The fact of any beautiful love affair is painful, too, because an ending is built in. Maybe that’s less sad to my friends now because you forget as you get older that you don’t think of your first love as your first love as it’s happening; you think it’s your last, your only, as well. Or you might know somewhere that it’s just the first, and successfully force a state of denial, but even then, you know it will haunt every love to come. That growing pain is most felt when Elio is crying in the car with his mom, silent, or staring into the fireplace at the end, silent, because what is there to say? What do you make of a love that ends because it cannot exist in the real world, and not because anyone is clearly to blame? How do you make room for new memories without betraying yourself and the other person? How could those new memories ever compare? I’m reminded of a part in Rachel Cusk’s book, Transit, when the narrator recalls a conversation about being overtaken by a painting in a museum: “Like love, I said, being understood creates the fear that you will never be understood again. But there had been other paintings, I said, before and since, that had moved me just as deeply.” I’m thinking, too, of Zadie Smith’s essay in which she details the difficulty of recovering from intense joy:

“The writer Julian Barnes, considering mourning, once said, ‘It hurts just as much as it is worth.’ In fact, it was a friend of his who wrote the line in a letter of condolence, and Julian told it to my husband, who told it to me. For months afterward those words stuck with both of us, so clear and so brutal. It hurts just as much as it is worth. What an arrangement. Why would anyone accept such a crazy deal? Surely if we were sane and reasonable we would every time choose a pleasure over a joy, as animals themselves sensibly do. The end of a pleasure brings no great harm to anyone, after all, and can always be replaced with another of more or less equal worth.”

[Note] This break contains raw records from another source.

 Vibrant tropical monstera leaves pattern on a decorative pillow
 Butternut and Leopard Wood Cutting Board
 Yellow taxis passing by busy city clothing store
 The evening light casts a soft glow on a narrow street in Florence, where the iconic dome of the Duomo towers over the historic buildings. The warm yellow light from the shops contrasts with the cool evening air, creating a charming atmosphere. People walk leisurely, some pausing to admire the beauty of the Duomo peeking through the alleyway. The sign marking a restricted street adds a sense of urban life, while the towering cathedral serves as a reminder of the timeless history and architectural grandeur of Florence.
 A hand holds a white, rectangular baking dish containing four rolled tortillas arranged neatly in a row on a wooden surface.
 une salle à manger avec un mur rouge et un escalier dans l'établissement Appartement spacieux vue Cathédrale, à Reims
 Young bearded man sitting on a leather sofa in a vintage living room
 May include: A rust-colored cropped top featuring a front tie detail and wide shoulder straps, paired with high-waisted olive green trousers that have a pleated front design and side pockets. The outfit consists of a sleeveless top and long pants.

This is what I wanted to tell Elio at the very end, when he looked into the camera and I snapped back into my own body and self. That made me think of the ending of Magnolia, too, when Melora makes eye contact with us and then smiles—maybe to punctuate a movie so concerned with coincidences and connections, or to tell us she’s OK, or to tell us we’re OK.

But when it’s happening to you, such perspective is inaccessible, and can’t be forced. There’s nothing to do about growing pains except sit in them. The last time I had a distinct one—like it isn’t also slowly happening all the time—it wasn’t about recovering from joy, but seeing an old joy in a new, harsher light. My friend and I took a weekend trip, and while we were making the drive up a snowy mountain, she told me about a relationship between two people we know with a considerable age difference. It echoed an experience of my own. I voiced disgust disguised as protectiveness, but we moved on and started singing to the radio, and when envy began rising from my gut, I sang more loudly to override it. But a kind of panic was hitting me (plus, the altitude), and then I had to wonder why I was so invested. The only way I could feel that strongly was if it had nothing to do with this girl at all—I just missed having her illusions. I was jealous of her capacity for trust. To be unable to see the same situation the way I had when I was inside of it—to only see foreshadowing—also hit me with an acute awareness of the passing of time. This was startling, too, because how often do you really grasp your own mortality? (Driving up a steep mountain helped.)

Nothing was wrong. It was a growing pain. But the temptation with pain is to go, How do I fix this? Or stop this? It sets off an alarm in your body that tells you you must do something, but sometimes all you actually have to do is process. How do you know when that’s the case, though? How do you distinguish the pain you need to act on from the pain you just need to cycle through? I felt so much better when I realized there was nothing to solve; that I was doing what I needed just by voicing these feelings in the moment, to my friend, so I wouldn’t be alone with them. Also, if you can’t find the words for what you’re feeling, sometimes it’s about finding another, non-verbal mode of expression, or a book/movie/song/etc. that mirrors and validates your experience.